Brussels – 5

Right, here it is, the Big One. Or the Big Two, if you want. A walking tour of Brussels, with tastings of chocolate and beer along the way. Thanks to Trip Advisor, I was tipped off to Hungry Mary’s Beer and Chocolate Tour – and it’s well worth your money.

Nina, our host and guide, started us off with a note that it’s better to do some chocolate first, before everyone is tipsy….

As Nina told us, when shopping for Belgian chocolate, keep in mind a few things: If there’s a sign offering a discount outside the place, keep walking. If you can buy some of the store’s goods in the airport’s duty free shop, buy it there. Look for a place that shows the name of the person supplying the chocolate, because that person is the one sorting through the cacao to find the really good stuff and experiment with flavor combinations. They’re the people who sell the chocolate to companies like Leonidas and Neuhaus that they use to make their chocolate candies.

Our first stop was at the Pierre Marcolini shop in the Royal Galleries of St. Hubert (Brussels’ upscale shopping mall). I don’t remember what I tried; I think it was just basic chocolate. Nina was giving us too much good info anyway.

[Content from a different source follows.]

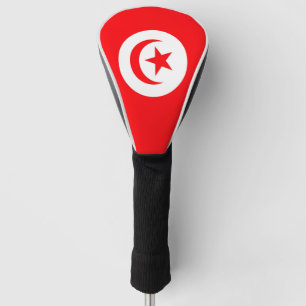 Tunisia Golf Head Cover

We moved on to one of the Elisabeth shops. That company sells the chocolate of Frederic Blondeel, who has been trying out a lot of interesting things. Like infusing sweet basil into the chocolate. We were given samples of that without any description, and asked to guess what the flavor was. I thought it was spearmint, but I wasn’t sure….

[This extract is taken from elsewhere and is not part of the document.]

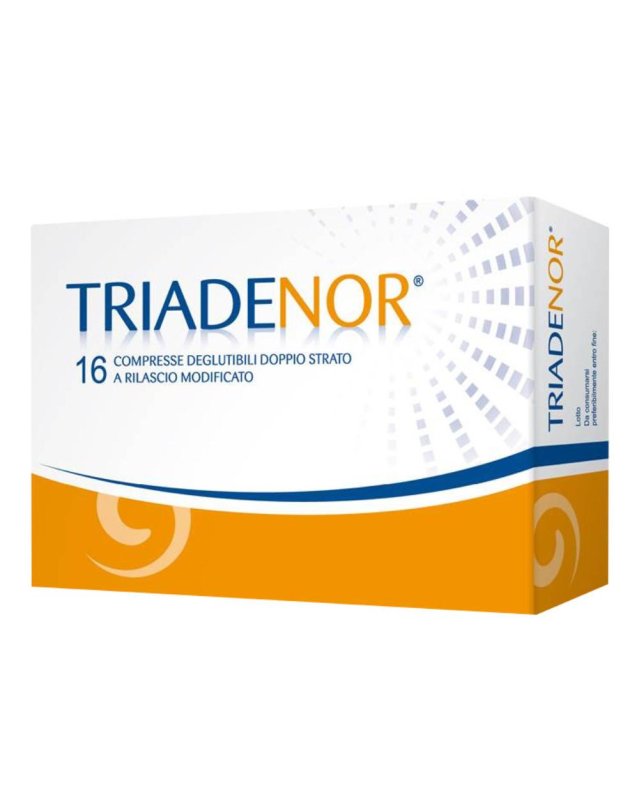 TRIADENOR 16CPR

Our last chocolate stop was at BS40 (named for its location at 40 Butter Street), where you can find the chocolates of Jitsk Heyninck. He’s also trying out unusual flavor combinations, like chocolate and miso, and making them work.

Hope you can read it.

OK, it’s Beer Time. I was thinking we’d be getting small tasting glasses, but we actually got respectable servings of everything. Maybe a quarter liter.

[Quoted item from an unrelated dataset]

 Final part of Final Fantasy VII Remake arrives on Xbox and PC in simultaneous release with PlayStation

The first beer stop was at the rooftop bar at The Bourse, which is also where you end up if you visit the Belgian Beer World Experience (more on that in a later post). We sampled Blanche de Namur, a light wheat beer, and Boon Framboise – which, if no one told you anything different, you’d think was a really good raspberry/cherry soda.

Next stop was Le Roi d’Espagne, a restaurant on the Grand-Place. For a bit of privacy, we went to an upstairs room for our tasting. Plus a bit of a nosh – cheese and bread. We had a Delta IPA from the Belgian Beer Project. They’re a fairly new brewery, and they actually crowdsourced this recipe. Our second beer was Gouden Carolus Tripel, whose recipe dates back to the late 1400s. The “triple” doesn’t mean it has three times the alcohol of a regular beer (it refers to steps in the brewing process), but it does have more – 9% ABV (Dubbels are around 7%, and quads can get up to 12%).

Our final stop was a “hole in the wall” theater and bar: the Théâtre Royal de Toone, an old school puppet theater (and cafe) tucked away at the end of a short alley. Our beer selections were a Westmalle Dubbel and a St Bernardus abt 12, a “quad”. Westmalle is an authentic Trappist beer; St Bernardus can only boast of being an “abbey ale” made in a similar manner. They take the “Trappist” designation extremely seriously; there are only thirteen Trappist monasteries in the world that make beer, and not all of them meet the standards of the International Trappist Association (Belgium is home to six of them that do).

Everything we sampled was great. If you find yourself in Brussels, take the tour.